L’intervista

Stefano Pedron: «Jakala, obiettivo 600 milioni di ricavi. Il digitale accelera»

di Francesco Bertolino

«Raccogliendo una mole enorme di dati e sviluppando strumenti per analizzarli, abbiamo creato una piattaforma di servizi in grado di indicare alle aziende quali spese pubblicitarie rendono e quali no», spiega Stefano Pedron, ceo di Jakala, capace nel 2023 di oltre 500 milioni di ricavi

«Metà dei miei investimenti pubblicitari è sprecata; il problema è che non so quale metà». Da 20 anni Jakala si è data la missione di smentire la massima attribuita a John Wanamaker, pioniere del marketing e inventore del centro commerciale. «Raccogliendo una mole enorme di dati e sviluppando strumenti per analizzarli, abbiamo creato una piattaforma di servizi in grado di indicare alle aziende quali spese pubblicitarie rendono e quali no», spiega Stefano Pedron, ceo del gruppo con sede a Milano e capace nel 2023 di oltre 500 milioni di ricavi. «Oggi possiamo aiutarle a concepire, attuare e monitorare campagne mirate: e, quando dico mirate, intendo al numero civico».

Che intende?
«Integrando più fonti di dati anonimizzati, abbiamo costruito sistemi che descrivono i consumatori potenziali, associando su base statistica alla loro geolocalizzazione fino a 80 variabili. Unendo queste informazioni ai database proprietari, le aziende possono indirizzare al meglio i loro investimenti di marketing».

Come?
«La faccio un esempio. Stiamo gestendo una campagna pubblicitaria negli Stati Uniti per un importante gruppo del lusso, a cui siamo in grado di suggerire in quali territori –—e intendo a livello di codice postale — ha senso investire su Google perché le persone cercano il marchio e dove invece non c’è interesse. La campagna è più efficace ed efficiente, con un risparmio di risorse che arriva al 20-30%».

Che impatto ha l’intelligenza artificiale sul mestiere pubblicitario?
«Dirompente. Si dice che i dati sono il nuovo petrolio. In gran parte, è vero. A differenza del petrolio, però, i dati sono potenzialmente infiniti: ogni giorno le interazioni delle persone e delle macchine con gli oggetti ne aggiungono di nuovi, a un ritmo sempre di più veloce. Ciò crea un problema che l’intelligenza artificiale sa affrontare meglio dell’uomo».

Quale?
«Aiuta a dare un senso alla mole di informazioni in circolazione, distinguendo il “rumore di fondo” dai segnali importanti. L’intelligenza artificiale è la raffineria dei dati che va ad alimentare nuove macchine produttive più efficienti.

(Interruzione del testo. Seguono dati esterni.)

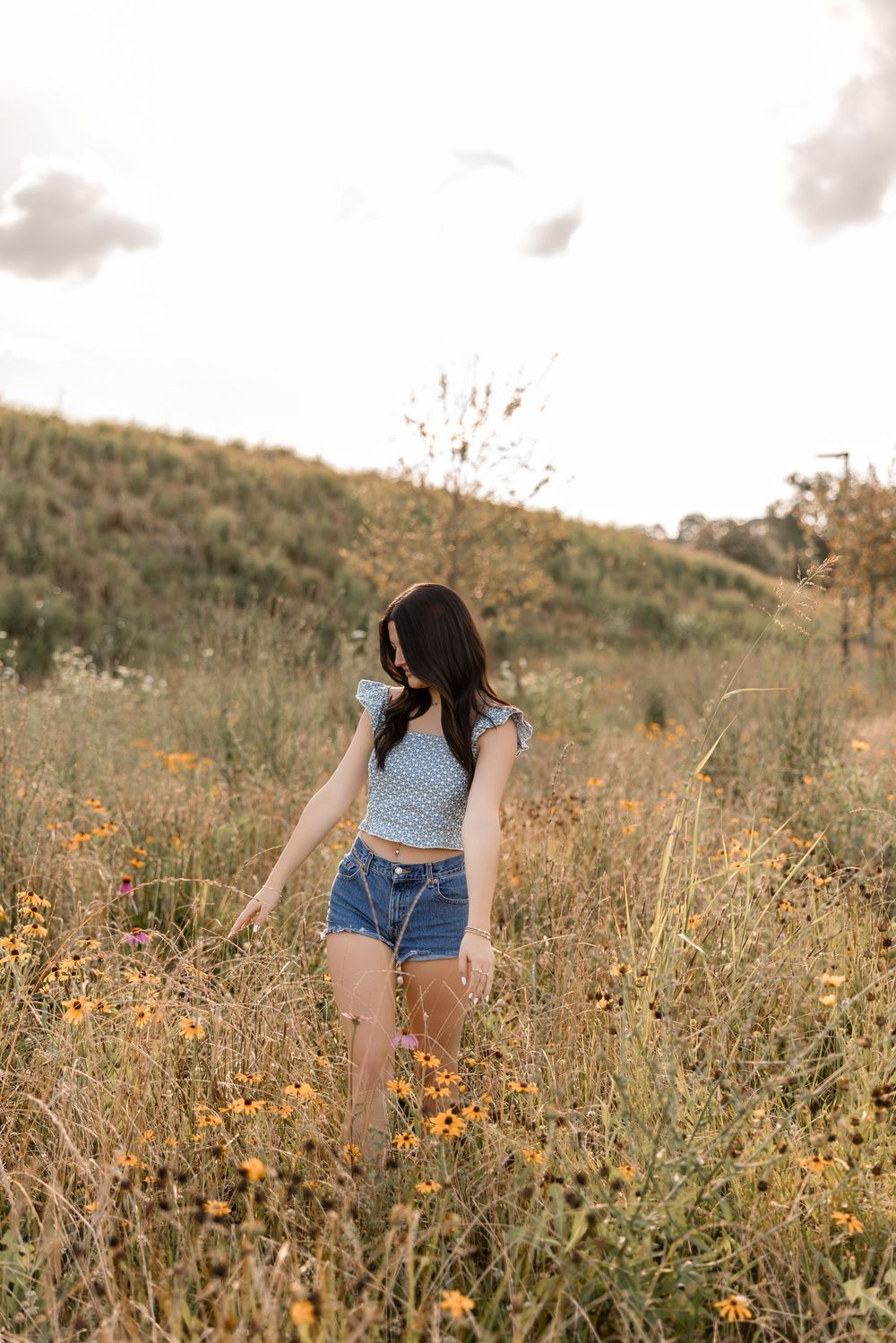 Summer portrait in a wildflower field at golden hour showing denim shorts and a blue cropped top.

Investiamo molto per costruirne di nostre».

Quanto?
«Attualmente, abbiamo al nostro interno una divisione di oltre 500 persone dedicata all’AI. Contiamo di arrivare a 1000 persone nel giro di tre anni tramite assunzioni e acquisizioni, aumentando soprattutto le competenze nell’ambito dell’AI generativa. Oggi questa tecnologia è in fase di sperimentazione, ma siamo convinti che rivoluzionerà la nostra industria: non vogliamo subirla, aspettando i casi di successo altrui, ma stiamo lavorando per esserne noi gli artefici».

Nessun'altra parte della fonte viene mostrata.